Different studies have compared these pulse sequences. For the first time, in 1996, Lycklama a Nijeholt et al. compared the cervical cord MRI imaging using cardiac-triggered dual-echo spin-echo and magnetization transfer-prepared gradient-echo (MT-GE) pulse sequences in MS diagnosis. It revealed that the MT-GE technique was superior in comparison to spin-echo technique, but LCR ratio of the MT-GE images was equal to that of T2-weighted images (24).

In 2013, Nayak et al. compared T2 and STIR pulse sequences in the detection of spinal cord MS plaques. This was a subjective comparison showing that STIR is better than T2 (25).

Alcaide-Leon et al. in 2016 compared the sensitivity and specificity of T2, STIR and PSIR pulse sequences in the diagnosis of spinal cord MS plaque. This study revealed that STIR and SPIR had the same sensitivity and specificity in cervical cord MS diagnosis but better than T2. However, in thoracic spine STIR was better than PSIR (26).

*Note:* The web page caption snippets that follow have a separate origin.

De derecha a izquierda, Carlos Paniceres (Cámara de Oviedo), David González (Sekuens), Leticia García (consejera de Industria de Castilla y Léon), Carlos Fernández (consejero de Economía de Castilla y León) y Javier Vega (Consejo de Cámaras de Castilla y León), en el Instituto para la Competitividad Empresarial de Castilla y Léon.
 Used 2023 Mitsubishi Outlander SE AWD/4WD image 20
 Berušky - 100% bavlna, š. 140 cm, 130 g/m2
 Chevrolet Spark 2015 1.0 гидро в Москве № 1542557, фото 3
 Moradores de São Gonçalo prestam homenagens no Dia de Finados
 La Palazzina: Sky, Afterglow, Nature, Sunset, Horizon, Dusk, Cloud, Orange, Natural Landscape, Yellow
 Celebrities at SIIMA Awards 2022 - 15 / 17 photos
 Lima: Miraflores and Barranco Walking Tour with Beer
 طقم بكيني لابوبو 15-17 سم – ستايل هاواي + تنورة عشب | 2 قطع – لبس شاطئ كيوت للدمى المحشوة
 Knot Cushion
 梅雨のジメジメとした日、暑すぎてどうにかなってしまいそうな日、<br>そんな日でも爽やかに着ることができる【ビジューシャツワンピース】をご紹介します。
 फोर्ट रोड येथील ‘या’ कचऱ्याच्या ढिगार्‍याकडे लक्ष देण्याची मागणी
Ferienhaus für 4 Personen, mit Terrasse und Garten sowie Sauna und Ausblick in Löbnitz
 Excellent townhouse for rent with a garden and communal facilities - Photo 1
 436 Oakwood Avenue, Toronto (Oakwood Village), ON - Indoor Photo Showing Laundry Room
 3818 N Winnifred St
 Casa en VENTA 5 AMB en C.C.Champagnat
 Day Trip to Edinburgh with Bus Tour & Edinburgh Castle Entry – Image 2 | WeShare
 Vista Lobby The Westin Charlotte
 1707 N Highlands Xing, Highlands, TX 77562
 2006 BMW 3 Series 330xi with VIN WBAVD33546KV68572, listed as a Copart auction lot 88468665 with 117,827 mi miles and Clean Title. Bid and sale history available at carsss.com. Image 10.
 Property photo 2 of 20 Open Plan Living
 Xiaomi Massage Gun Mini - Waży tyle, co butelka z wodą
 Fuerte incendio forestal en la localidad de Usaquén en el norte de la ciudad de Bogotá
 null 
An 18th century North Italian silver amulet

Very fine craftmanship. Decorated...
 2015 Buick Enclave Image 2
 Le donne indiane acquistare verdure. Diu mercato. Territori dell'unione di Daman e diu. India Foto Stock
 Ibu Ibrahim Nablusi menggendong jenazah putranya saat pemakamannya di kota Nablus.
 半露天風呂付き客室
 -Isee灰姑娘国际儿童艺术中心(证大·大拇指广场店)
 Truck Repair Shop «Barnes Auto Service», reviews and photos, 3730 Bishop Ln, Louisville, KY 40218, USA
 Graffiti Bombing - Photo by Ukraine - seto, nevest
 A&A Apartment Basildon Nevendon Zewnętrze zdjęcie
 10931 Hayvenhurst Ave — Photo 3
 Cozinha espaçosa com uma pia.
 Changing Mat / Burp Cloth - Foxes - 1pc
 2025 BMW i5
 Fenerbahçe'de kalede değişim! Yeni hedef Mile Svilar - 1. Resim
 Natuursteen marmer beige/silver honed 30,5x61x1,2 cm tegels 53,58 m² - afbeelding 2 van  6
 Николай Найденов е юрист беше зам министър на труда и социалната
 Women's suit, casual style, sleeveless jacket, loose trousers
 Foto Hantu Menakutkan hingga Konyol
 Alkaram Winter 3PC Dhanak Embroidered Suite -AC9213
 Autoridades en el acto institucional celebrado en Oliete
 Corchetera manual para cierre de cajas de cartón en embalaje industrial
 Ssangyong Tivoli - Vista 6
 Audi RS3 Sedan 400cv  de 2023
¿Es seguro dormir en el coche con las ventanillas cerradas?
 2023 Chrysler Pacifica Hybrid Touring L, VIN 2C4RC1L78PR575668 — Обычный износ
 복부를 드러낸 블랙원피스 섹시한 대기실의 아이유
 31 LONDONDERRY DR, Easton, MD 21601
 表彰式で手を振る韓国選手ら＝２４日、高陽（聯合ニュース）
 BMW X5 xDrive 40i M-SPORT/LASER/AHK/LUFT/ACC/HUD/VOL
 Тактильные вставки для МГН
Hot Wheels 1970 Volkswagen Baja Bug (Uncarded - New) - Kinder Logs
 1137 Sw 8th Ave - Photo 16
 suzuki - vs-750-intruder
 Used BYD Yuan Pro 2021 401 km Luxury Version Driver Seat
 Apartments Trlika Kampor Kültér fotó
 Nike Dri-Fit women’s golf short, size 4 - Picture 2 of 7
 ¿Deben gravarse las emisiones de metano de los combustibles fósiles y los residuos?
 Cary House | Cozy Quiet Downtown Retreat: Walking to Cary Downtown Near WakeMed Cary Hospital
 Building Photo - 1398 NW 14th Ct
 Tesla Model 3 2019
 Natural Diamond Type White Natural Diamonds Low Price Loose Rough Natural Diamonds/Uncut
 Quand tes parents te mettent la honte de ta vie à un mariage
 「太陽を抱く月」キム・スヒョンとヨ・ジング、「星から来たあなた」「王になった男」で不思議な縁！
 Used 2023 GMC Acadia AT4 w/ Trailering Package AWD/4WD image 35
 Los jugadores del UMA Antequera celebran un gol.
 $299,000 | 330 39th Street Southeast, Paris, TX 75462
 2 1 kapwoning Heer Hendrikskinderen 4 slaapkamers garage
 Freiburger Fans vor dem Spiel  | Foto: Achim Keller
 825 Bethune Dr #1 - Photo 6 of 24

The results of this study are in line with studies conducted by Nayak et al. and Alcaide-Leon et al. in terms of STIR superiority with respect to T2 in cervical cord MS plaques. However, Alcaide-Leon et al., considered the same superiority for STIR and PSIR in cervical cord region, contrary to our study that objectively showed that STIR is superior to the PSIR.

In 2008, Poonawalla et al. compared T1-weighted inversion recovery, STIR, and dual fast spin echo in the diagnosis of cervical spinal cord lesions. They found that T1-weighted inversion recovery had advantages in comparison with the other studied pulse sequences (27).

In a review article in 2015, Kearney et al. stated that although both STIR and PSIR could accurately distinguish the lesions from normal tissue as a result of enhanced contrast between lesions and the surrounding tissue, STIR might be subjected to artifacts, such as flow artifacts, hence PSIR is better than STIR in detecting cervical spine lesions (28).

The results of our study were not compatible with studies performed by Poonawalla et al. (27) and Kearney et al. (28). This difference could be attributed to the field strength of the MRI devices. In their studies, they used 3 T MRI machine and we used a 1.5 T MRI device. Besides, Poonawalla et al. (27) used a phased sensitive reconstruction in their T1- weighted inversion recovery imaging, which may have led to some differences in their results in comparison with our results.

For further research, we suggest performing another study with the same pulse sequences for thoracic cord lesions, to find out if STIR sequence is superior to other sequences in all parts of the spinal cord. Also, we are planning another study to find out if STIR sequence could be totally replaced with T2 sequence in spinal cord MS lesion detection.

In conclusion, to detect MS plaques in the cervical spinal cord using 1.5 T MRI machine, STIR sequence has higher sensitivity and specificity, hence it is superior to T2 weighted and PSIR sequences.